[RECORDS FOR THE EXERCISE]
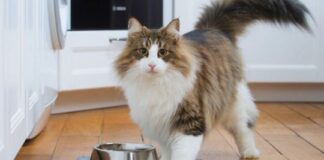 Cómo cuidar del calor a los gatos cuando se quedan solos en las vacaciones como-cuidar-del-calor-a-los-gatos-cuando-se-quedan-solos-en-las-vacaciones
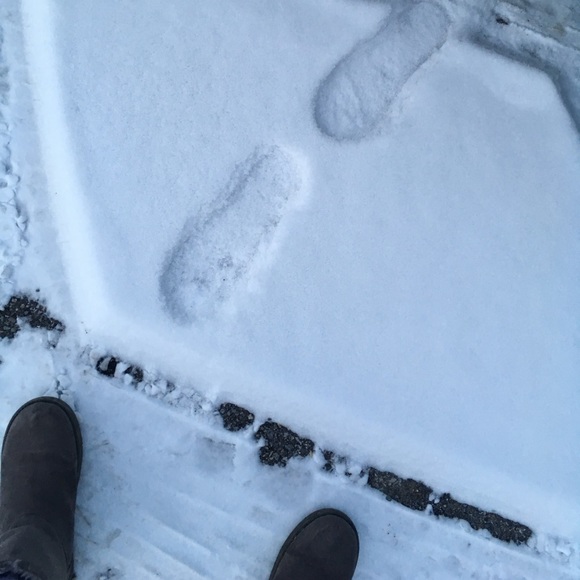 Meet your Posher, Xamira - Picture 1 of 1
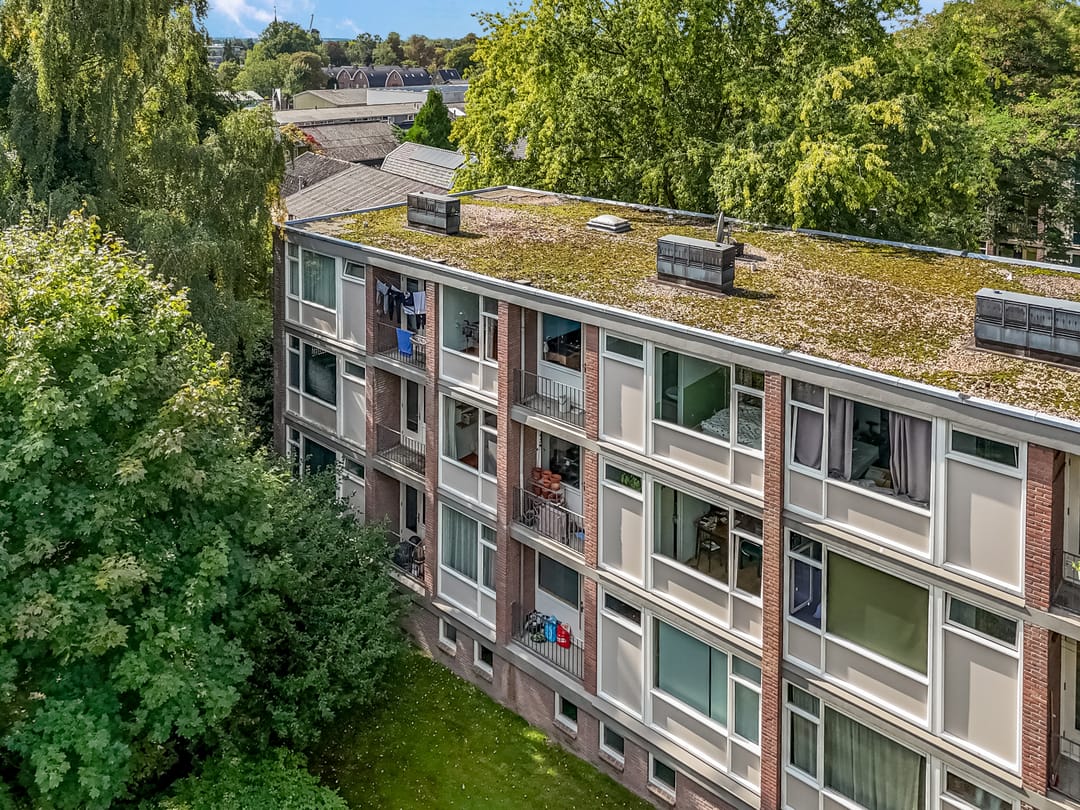 Foto 37 van De Zoom 17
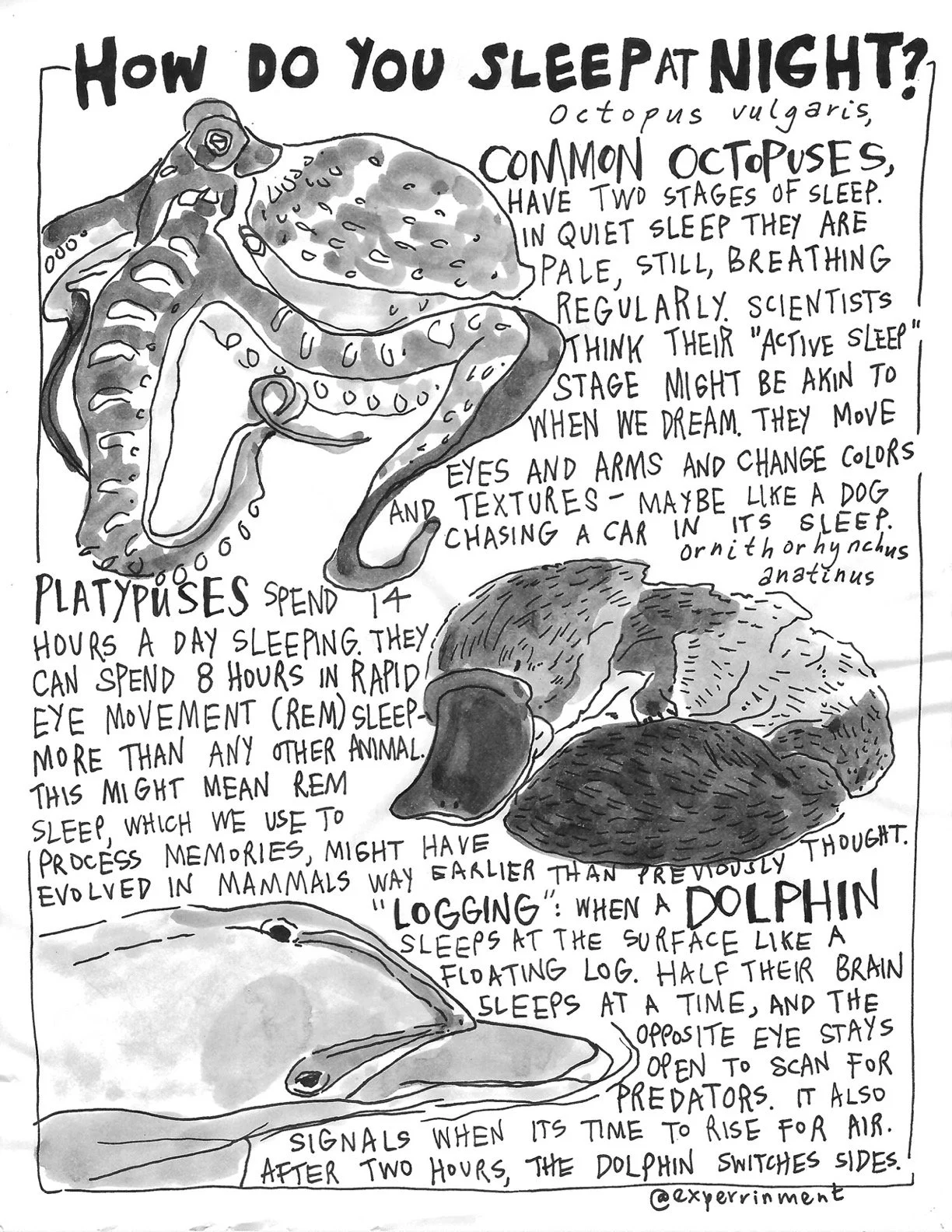 The Perrin R. Ireland Update - April 2021 (Back)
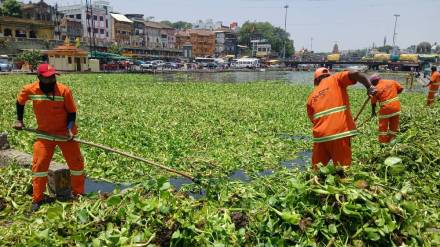 Sanitation workers are having to remove the leaf vines stuck in various places in the Godavari riverbed in Gangapur Nashik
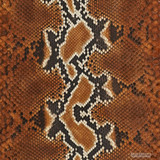 Reticulated - F.C. - U.B. - 872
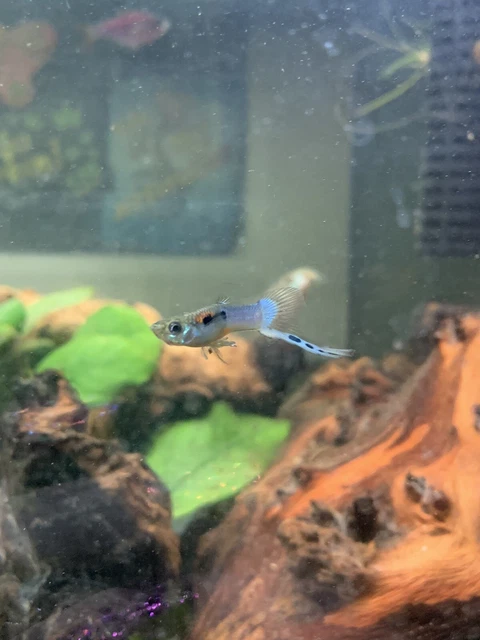 Blue Swordtail Male Guppy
[/RECORDS FOR THE EXERCISE]
*TASK INSTRUCTIONS*: At the line containing "Meet your Posher, Xamira - Picture 1 of 1", begin reproducing the entries word for word, and continue through their last line. Leave out the pictures.

*PROBLEM SOLUTION*:
 Meet your Posher, Xamira - Picture 1 of 1
 Foto 37 van De Zoom 17
 The Perrin R. Ireland Update - April 2021 (Back)
 Sanitation workers are having to remove the leaf vines stuck in various places in the Godavari riverbed in Gangapur Nashik
 Reticulated - F.C. - U.B. - 872
 Blue Swordtail Male Guppy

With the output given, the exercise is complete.